THE PROBLEM: Reproduce exactly, and only, the lines below from the one containing "Seorang Penyihir Jadi" through the one containing "Crest - Riverside".

INPUT RECORDS:
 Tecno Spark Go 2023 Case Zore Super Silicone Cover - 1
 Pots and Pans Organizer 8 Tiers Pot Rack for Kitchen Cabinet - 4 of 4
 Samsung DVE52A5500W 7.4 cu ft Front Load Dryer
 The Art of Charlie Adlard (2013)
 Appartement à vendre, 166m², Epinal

* * *

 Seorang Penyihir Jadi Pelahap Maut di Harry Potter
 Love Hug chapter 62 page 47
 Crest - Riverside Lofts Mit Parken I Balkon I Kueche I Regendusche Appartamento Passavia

SOLUTION TO THIS EXERCISE:
 Seorang Penyihir Jadi Pelahap Maut di Harry Potter
 Love Hug chapter 62 page 47
 Crest - Riverside Lofts Mit Parken I Balkon I Kueche I Regendusche Appartamento Passavia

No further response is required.